Like any normal college student, I spend a lot of time trying to figure out what to eat every day. While in high school I had fairly solid eating habits, most of which revolved around what the school was serving for lunch and whatever my mom was making for dinner that night. Freshman year of college I still didn’t have to worry, as I had large amounts of Dinex and blocks which generally meant that I ate on campus. Moving to now, the lack of Dinex, a broken fridge and time has often pushed me towards eating out or ordering food. This semester I started using services like post mates more frequently in order to get food delivered to where I live.
Although I’ve had Postmates on my phone for a while, once I started using it more actively, I became more in tune with how the app worked, and how the app tried to get me to spend money and buy food.
The most common way is by offering free delivery in the “party” tab. When I think about ordering food vs going to a restaurant, I often think of the cost of delivery as the main factor against this.
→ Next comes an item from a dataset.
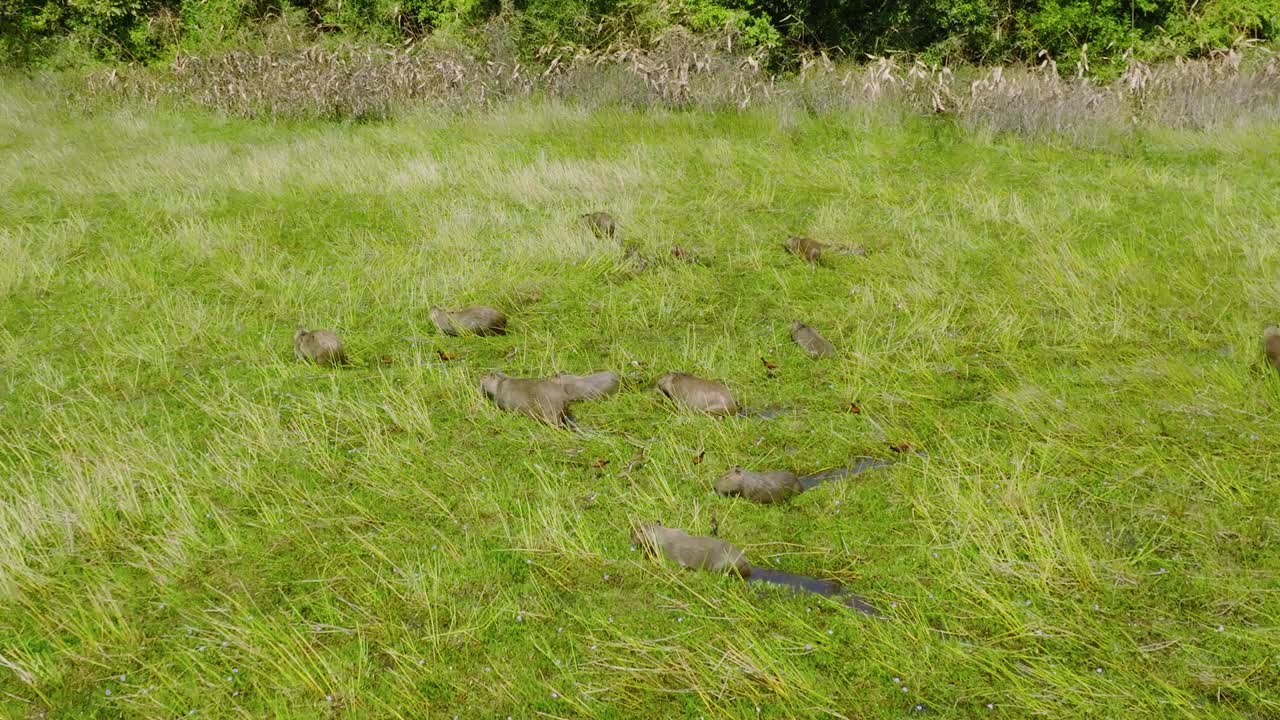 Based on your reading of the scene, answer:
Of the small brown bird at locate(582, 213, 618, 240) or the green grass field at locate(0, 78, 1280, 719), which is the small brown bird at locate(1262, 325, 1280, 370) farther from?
the small brown bird at locate(582, 213, 618, 240)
Items in the party tab have free delivery, thus incentivizing me into buying, as “it’s the same price as going to a restaurant.” This of course is a blatant lie as service fees are still built in, but it does an effective job at convincing me otherwise.
Additionally, the party tab has a timer. If you don’t like the restaurants listed, then you can wait for the timer to expire and new restaurants may appear. I’ve noticed myself opening and checking the app over and over to see if the timer has expired yet. I’ll often also check back to see if there’s any restaurants that I want to order from. This in turn increases the overall time I spend on the app, thus potentially increasing the likelihood of me buying through it.
As you go down the page, there’s a tab that appears occasionally. It brings up past orders, and if clicked on will pull up a page that has preloaded previous orders into the cart. This removes choice from the user, streamlining the process of ordering. Although I’ve never used that method, I can see how simplifying the experience by directly offering up food they know the customer wants would get people to buy more. If you go to the side menu, it shows past orders there as well. This doesn’t do an effective job at persuading me, as often times when I order, I specifically don’t order the same food over and over.
Since I’ve started using the app more regularly, I’ve noticed an increase in popups and emails offering special timed deals and discounts. The quick expiration of deals serves to make me feel like I’m a rush and if I don’t buy now, I’ll miss out on “5 dollars off any meal.” I’ve found these to be particularly effective, as It almost feels like throwing money away when I’m not utilizing these. Like any form of discount, the overall goal is to maximize overall expenditure on my end, and they are willing to sacrifice a few dollars per meal in order to get me to spend more time and buy more overall. After monitoring my habits on the app, it was interesting to see how often I caught myself falling into the same trap of discounts and promises of free shipping and I think now that I’ve noticed I’ve started using it less and less. Even still, the methods that Postmates utilizes are extremely effective.